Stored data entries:
▬▬▬▬▬▬

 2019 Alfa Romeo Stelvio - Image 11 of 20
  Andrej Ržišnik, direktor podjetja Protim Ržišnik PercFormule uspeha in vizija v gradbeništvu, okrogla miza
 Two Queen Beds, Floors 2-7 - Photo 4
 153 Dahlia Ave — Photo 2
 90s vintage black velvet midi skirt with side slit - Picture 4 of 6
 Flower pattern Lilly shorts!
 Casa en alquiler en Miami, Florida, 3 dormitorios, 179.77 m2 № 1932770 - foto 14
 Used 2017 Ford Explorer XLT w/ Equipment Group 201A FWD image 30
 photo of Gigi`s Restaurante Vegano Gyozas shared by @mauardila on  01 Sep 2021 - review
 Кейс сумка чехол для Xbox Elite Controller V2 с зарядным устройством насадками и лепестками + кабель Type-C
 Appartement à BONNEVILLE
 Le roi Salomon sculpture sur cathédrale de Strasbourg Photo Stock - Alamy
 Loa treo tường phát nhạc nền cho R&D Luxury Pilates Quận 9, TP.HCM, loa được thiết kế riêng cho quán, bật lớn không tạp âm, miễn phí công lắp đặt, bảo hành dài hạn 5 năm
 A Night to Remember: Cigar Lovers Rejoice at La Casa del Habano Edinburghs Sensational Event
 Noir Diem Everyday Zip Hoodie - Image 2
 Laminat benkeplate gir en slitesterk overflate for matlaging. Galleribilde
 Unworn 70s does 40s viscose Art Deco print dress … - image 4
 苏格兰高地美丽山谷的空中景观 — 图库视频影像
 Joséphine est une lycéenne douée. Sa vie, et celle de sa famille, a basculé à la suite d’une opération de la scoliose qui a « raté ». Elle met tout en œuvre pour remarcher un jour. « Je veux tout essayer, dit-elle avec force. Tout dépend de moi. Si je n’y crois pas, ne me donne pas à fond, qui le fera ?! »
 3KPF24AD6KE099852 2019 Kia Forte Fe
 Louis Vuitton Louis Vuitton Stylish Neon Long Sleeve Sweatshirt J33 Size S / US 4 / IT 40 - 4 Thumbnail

▬▬▬▬▬▬

Work instructions: Please write out every record shown above exactly as it reads.

Your solution:
 2019 Alfa Romeo Stelvio - Image 11 of 20
  Andrej Ržišnik, direktor podjetja Protim Ržišnik PercFormule uspeha in vizija v gradbeništvu, okrogla miza
 Two Queen Beds, Floors 2-7 - Photo 4
 153 Dahlia Ave — Photo 2
 90s vintage black velvet midi skirt with side slit - Picture 4 of 6
 Flower pattern Lilly shorts!
 Casa en alquiler en Miami, Florida, 3 dormitorios, 179.77 m2 № 1932770 - foto 14
 Used 2017 Ford Explorer XLT w/ Equipment Group 201A FWD image 30
 photo of Gigi`s Restaurante Vegano Gyozas shared by @mauardila on  01 Sep 2021 - review
 Кейс сумка чехол для Xbox Elite Controller V2 с зарядным устройством насадками и лепестками + кабель Type-C
 Appartement à BONNEVILLE
 Le roi Salomon sculpture sur cathédrale de Strasbourg Photo Stock - Alamy
 Loa treo tường phát nhạc nền cho R&D Luxury Pilates Quận 9, TP.HCM, loa được thiết kế riêng cho quán, bật lớn không tạp âm, miễn phí công lắp đặt, bảo hành dài hạn 5 năm
 A Night to Remember: Cigar Lovers Rejoice at La Casa del Habano Edinburghs Sensational Event
 Noir Diem Everyday Zip Hoodie - Image 2
 Laminat benkeplate gir en slitesterk overflate for matlaging. Galleribilde
 Unworn 70s does 40s viscose Art Deco print dress … - image 4
 苏格兰高地美丽山谷的空中景观 — 图库视频影像
 Joséphine est une lycéenne douée. Sa vie, et celle de sa famille, a basculé à la suite d’une opération de la scoliose qui a « raté ». Elle met tout en œuvre pour remarcher un jour. « Je veux tout essayer, dit-elle avec force. Tout dépend de moi. Si je n’y crois pas, ne me donne pas à fond, qui le fera ?! »
 3KPF24AD6KE099852 2019 Kia Forte Fe
 Louis Vuitton Louis Vuitton Stylish Neon Long Sleeve Sweatshirt J33 Size S / US 4 / IT 40 - 4 Thumbnail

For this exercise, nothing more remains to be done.